Like TAL, the life insurance sector is highly optimistic that the government will make some changes to help this work better. It is one of those rare political topics where both major parties share the view that more needs to be done to deliver better retirement outcomes, through an enlightened retirement income policy.

We’re not looking so much for more tax incentives, as tax neutrality.

Unsurprisingly, due to their sheer complexity and lack of tax neutrality, many of the complex products brought to the market in the annuity space have unceremoniously failed.

These product failures should remind product providers that consumers want simplicity and don’t expect to be worse off, just because they decide to put away some money on their retirement to pay them an income into future years.

Similarly, while deferred lifetime annuities (DLA) – often referred to as the purest form of ‘longevity insurance’ – would go a long way to ensuring a retiree’s lifestyle is maintained during the last stages of life, few if any of these products have been developed locally.

While the earnings on the money you put aside to pay you an income into the future via a DLA should be tax-free – because it will ultimately form part of your income in retirement – it currently remains taxable which makes an otherwise good product highly ineffective.

New products and providers

It is far better for individuals and Australia at large to provide people with incomes in retirement rather than access to lump sums. The danger is that retirees who mismanage with poor investment or spending decisions, reduce or lose their lump sum during the early stages of retirement will be overly reliant on the Government pension for support.

So annuities have a significant role to play in turning lump sum superannuation into income streams. But as long as annuities remain complex financial products, the only real way for consumers to tap into them is via an adviser.

However, it is expected this will change over time as new annuity-type products are brought to market by a wider range of providers. In time, we will see the major superannuation funds presenting retirement income options to their clients that they have vetted and endorsed.

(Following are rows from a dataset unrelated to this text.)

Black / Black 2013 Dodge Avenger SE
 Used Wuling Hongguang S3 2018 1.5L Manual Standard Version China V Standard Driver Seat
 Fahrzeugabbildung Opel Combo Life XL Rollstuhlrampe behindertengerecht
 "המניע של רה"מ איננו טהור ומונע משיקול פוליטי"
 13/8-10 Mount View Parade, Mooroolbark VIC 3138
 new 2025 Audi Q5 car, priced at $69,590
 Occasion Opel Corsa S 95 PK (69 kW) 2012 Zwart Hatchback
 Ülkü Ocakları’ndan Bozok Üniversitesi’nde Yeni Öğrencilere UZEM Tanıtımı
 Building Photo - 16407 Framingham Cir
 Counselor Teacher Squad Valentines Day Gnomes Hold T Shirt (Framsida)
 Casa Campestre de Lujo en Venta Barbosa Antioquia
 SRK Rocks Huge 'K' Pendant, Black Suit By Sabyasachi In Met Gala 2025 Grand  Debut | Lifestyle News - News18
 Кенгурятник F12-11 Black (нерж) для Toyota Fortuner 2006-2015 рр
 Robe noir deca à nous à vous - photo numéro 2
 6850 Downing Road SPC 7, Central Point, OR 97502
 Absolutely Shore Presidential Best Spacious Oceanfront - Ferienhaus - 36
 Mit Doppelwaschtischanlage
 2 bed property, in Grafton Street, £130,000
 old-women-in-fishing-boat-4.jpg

They will seamlessly partner with longevity providers for optional covers that members can choose if they wish.

Given that there are not enough advisers to cover everybody’s retirement needs, I think future partnerships and fund approved solutions are the best way of getting the biggest cut-through for most people into the retirement incomes or annuities market.

There’s clearly mounting pressure for super funds and life insurers alike to step up to the plate with new, innovative and more consumer-friendly annuity-type products.

We need simpler products, tax neutrality, and a lot more consumer education on why these products exist, and how they work.

Jim Minto is the chief executive officer for the TAL Group.